§ **Task objective**
Would you retype the lines from the one that holds "Group of flex7" to the final line of the entries below, both ends included and exactly as written, but without pictures?
*** Data to examine ***
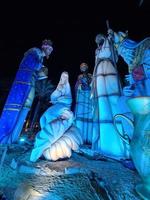 l'Espagne le plus grand Nativité scène dans alicante à nuit photo
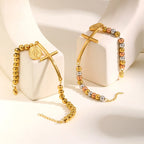 Bracelet de Foi avec croix et médaille de la Vierge Marie 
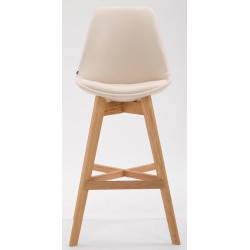 Set di 2 sgabelli da bar Cannes in similpelle color crema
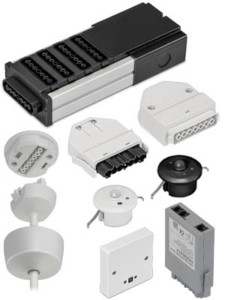 Group of flex7 lighting connection and control products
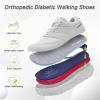 imageWide Toe Shoes for Men  New Wide Width Hiking Sneakers for Mens  Arch Support Walking Shoe for Plantar Fasciitics  Comfortable Work Sneaker for ManK2gray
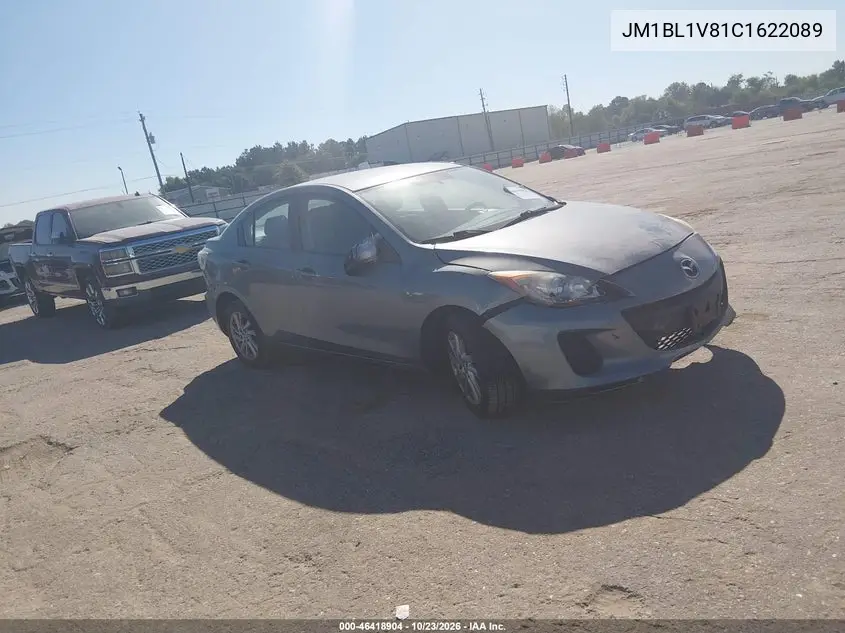 MAZDA 3 2012, VIN JM1BL1V81C1622089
*** End of Data to examine ***
§ **Solution below**
 Group of flex7 lighting connection and control products
 imageWide Toe Shoes for Men  New Wide Width Hiking Sneakers for Mens  Arch Support Walking Shoe for Plantar Fasciitics  Comfortable Work Sneaker for ManK2gray
 MAZDA 3 2012, VIN JM1BL1V81C1622089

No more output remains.